Burning fossil fuels like oil, gas and coal release large amounts of CO2, a greenhouse gas, into the atmosphere.
Rather than contribute to global climate change, producers could convert CO2 to a wide variety of hydrocarbons, but this makes sense to do only when using solar energy.
"Recycling of carbon dioxide via conversion into a high energy-content fuel, suitable for use in the existing hydrocarbon-based energy infrastructure, is an attractive option, however the process is energy intense and useful only if a renewable energy source can be used for the purpose," according to the researchers.
Craig A. Grimes, professor of electrical engineering at Penn State, and his team, used titanium dioxide nanotubes doped with nitrogen and coated with a thin layer of both copper and platinum to convert a mixture of carbon dioxide and water vapor to methane.

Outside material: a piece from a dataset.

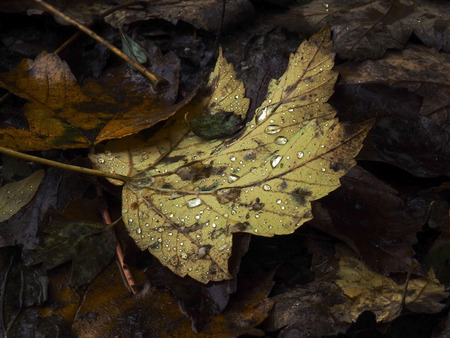 Raindrops on colorful autumn leavesの写真素材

Using outdoor, visible light, they reported a 20-times higher yield of methane than previously published attempts conducted in laboratory conditions using intense ultraviolet exposures.
"Converting carbon dioxide and water to methane using photocatalysis is an appealing idea, but historically, attempts have had very low conversion rates," said Grimes.
"To get significant hydrocarbon reaction yields, requires an efficient photocatalyst that uses the maximum energy available in sunlight," he added.
The team used natural sunlight to test their nanotubes in a chamber containing a mix of water vapor and CO2.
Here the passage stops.